As I look around my garden I am very conscious of the origin of many of my plants. I have a bright pink phlox which was originally in my mother’s garden and which comes up faithfully year after year – highly scented but rather susceptible to disease and needs to be cosseted a little. And then there are the Salvias, many of which are from Terry, but Jezebel and Phyllis’ Fancy are from Pat.
Over the years a number of plants have been bought from the plant sales held in Jillian’s wonderful garden when it was opened to visitors and have now become mainstays in my own.
I now have a small collection of Acers, but my first one came from an open garden in Beckenham Hill. The couple gardened on a steep slope covering a vast area, at the bottom of which was a railway track. He was an acer expert and grew many rare varieties, some of which he propagated himself. The garden was always a pleasure to view and my love of Acers began here. Sadly, I no longer have my original purchase, although it lived to a good age and the couple sold their house some years ago and moved away. I remember him saying that they would need a single large furniture van just to transport the plants!

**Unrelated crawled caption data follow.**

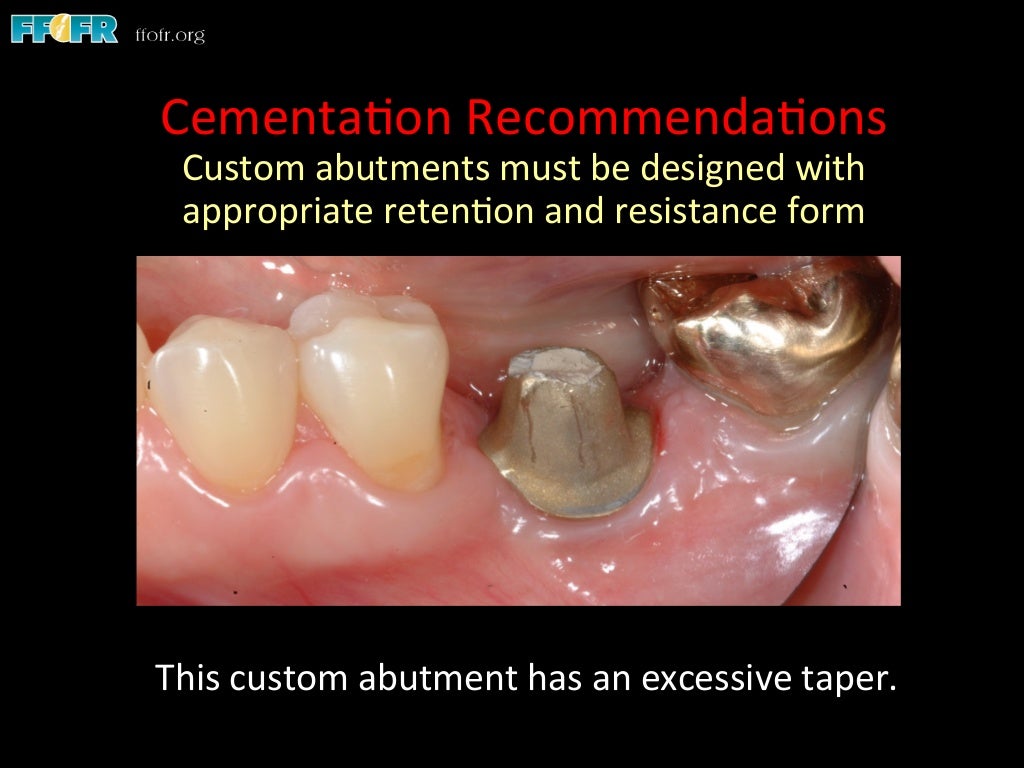 Dental implants cement retention vs screw retention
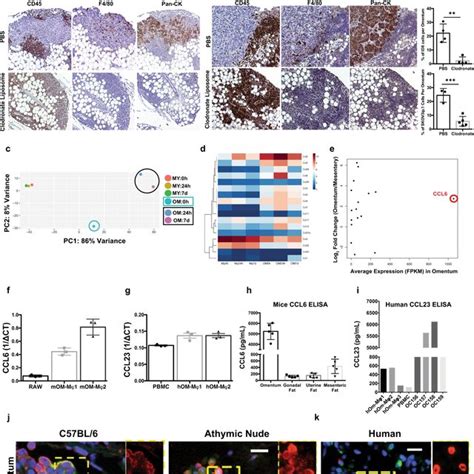 Omentum As A Niche For Ovarian Cancer Metastasis A Representation Of A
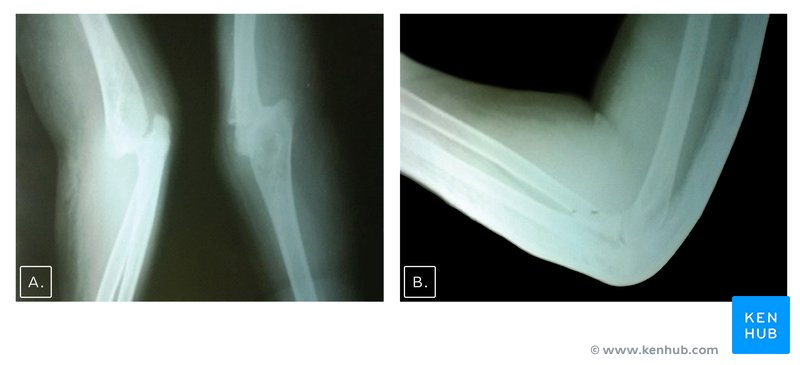 Posterior elbow dislocation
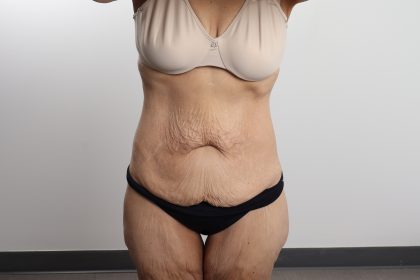 Lower Body Lift Before & After Patient #4633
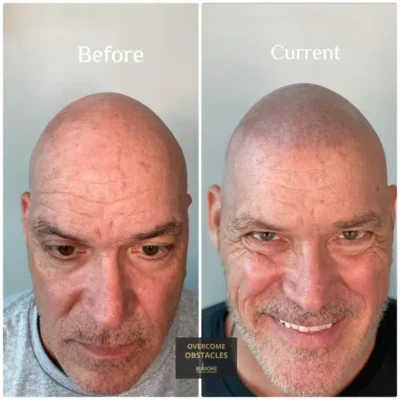 Before and after results of scalp micropigmentation (SMP) on a middle-aged man, creating the appearance of fuller hair at Illusions by Ink Studio.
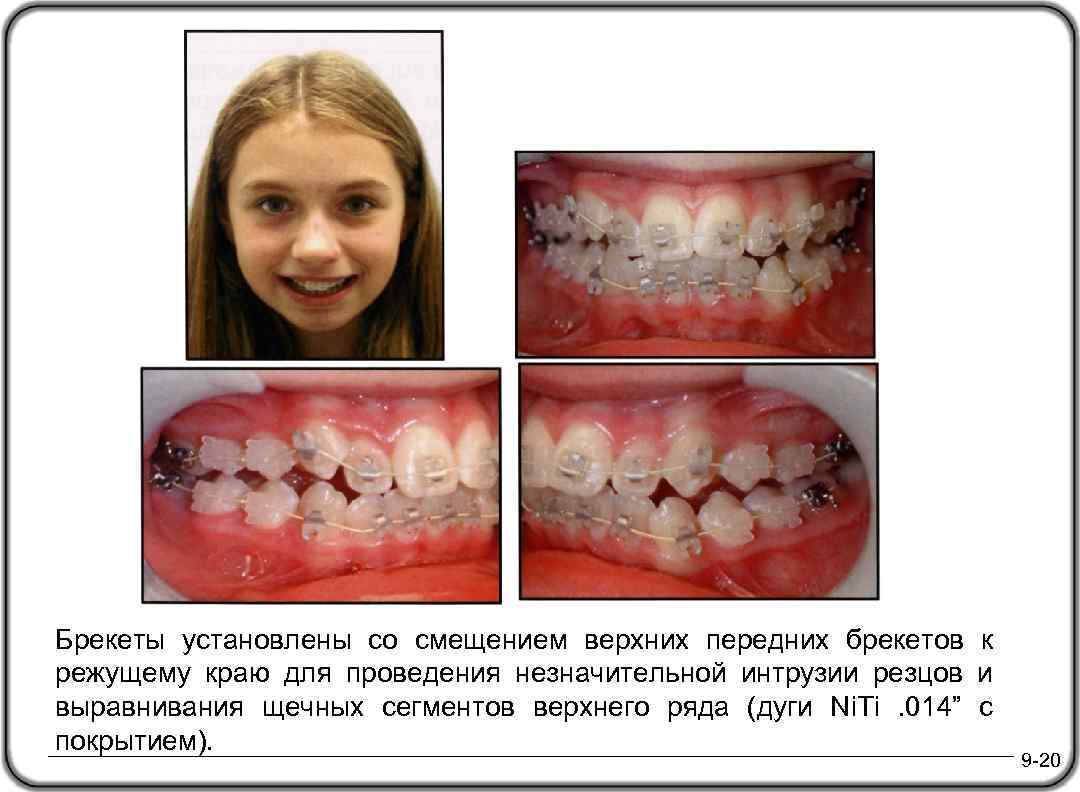 Брекеты установлены со смещением верхних передних брекетов к режущему краю для проведения незначительной интрузии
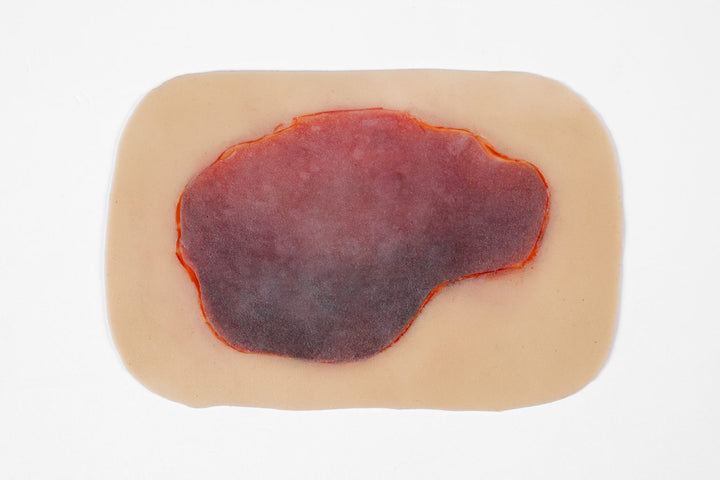 TraumaSim Clinical Skin Tear Range (6 wounds)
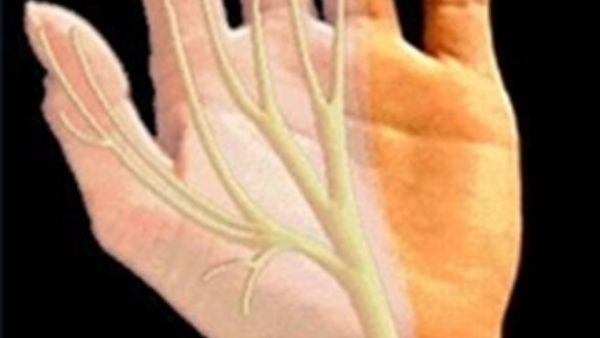 الخدران أو التنميل في اليد هو إحساس المريض بخدران أو بوخز كالابر أو عدم الراحة أو حرارة  الخدران أو التنميل في اليد هو إحساس المريض بخدران أو بوخز كالابر أو عدم الراحة أو حرارة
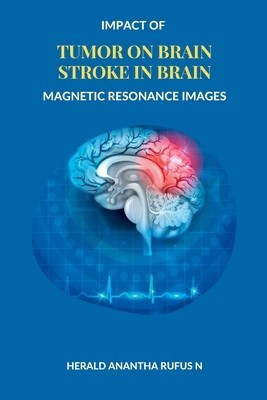Impact of Tumor on Brain Stroke in Brain Magnetic Resonance Images foto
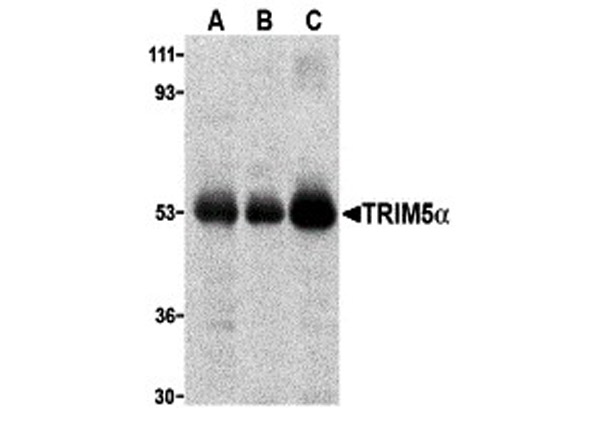 Western blot analysis of TRIM5 alpha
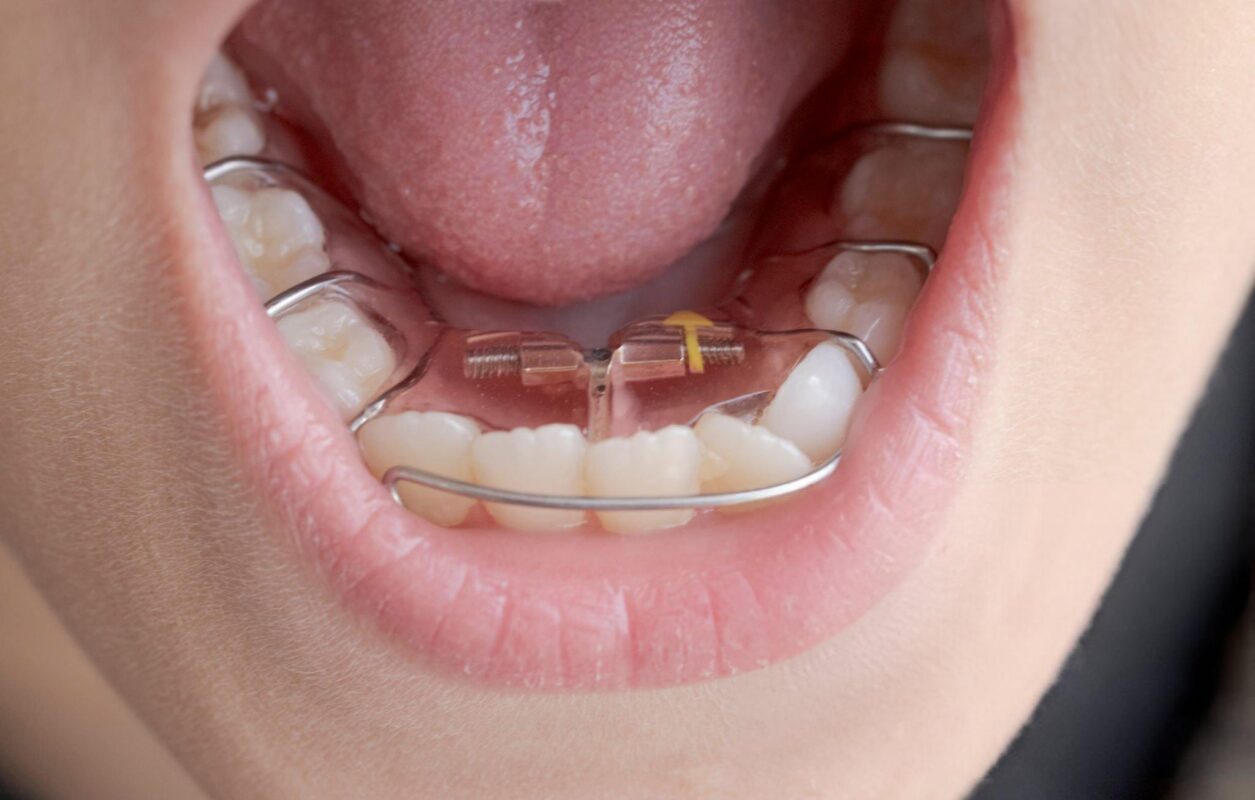 Palatal Expanders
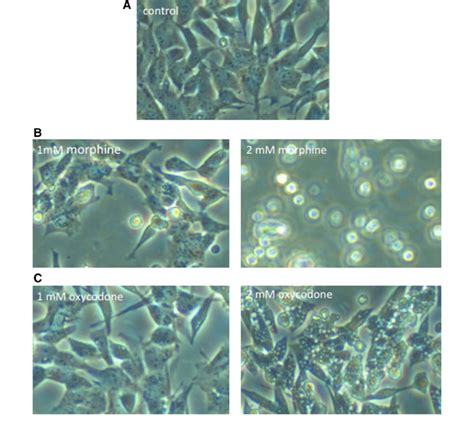 Light Microscopy Of Untreated And Opioid Treated Sh Sy Y Cells A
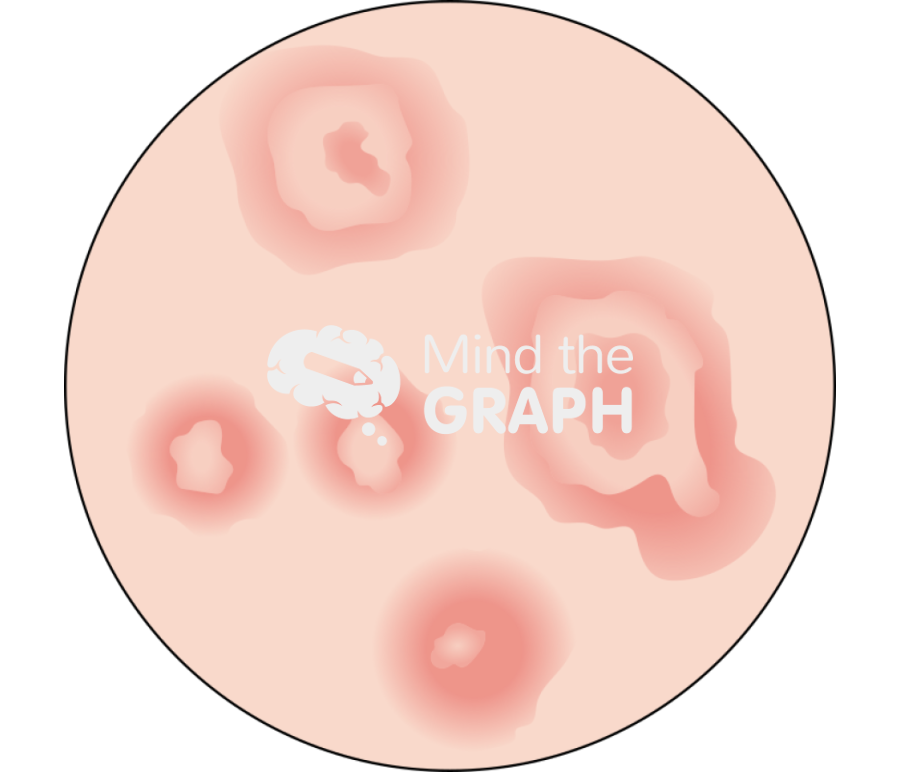 Man erythema multiforme zoom Icons, Symbols, Pictures, and Images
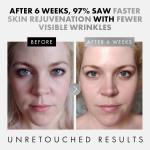 Eclat Skincare 3-Pack Face Serums for Youthful Skin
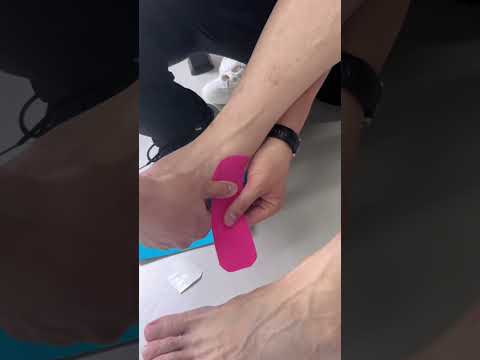 Using kinesiology tape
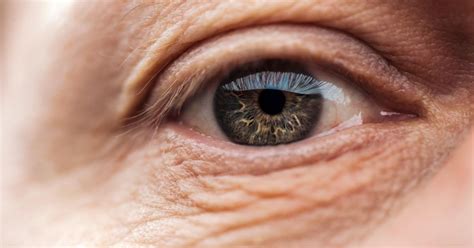 Important finding may help halt age-related macular degeneration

I have long cultivated the beautiful Pelargonium Sidoides, but at one of our Autumn Shows, Harry showed a variety with a slightly different colour – paler and more crimson than mine, he gave me two pieces immediately and I successfully rooted these to produce my own plants. This year at the Old Pond Garden sale, Jean offered a pelargonium with a leaf which looked very much like Frank Headley but with a frilly pink and white flower – I think she called it Apple Blossom. I bought this and have made two cuttings which I hope will give me more plants of this unusual variety. On a recent visit to Great Dixter, I fell in love with P. Concolour Lace. Kathy had some to spare and I have bought one from her.
And so it goes on: the gardening stories and memories which we make with each other.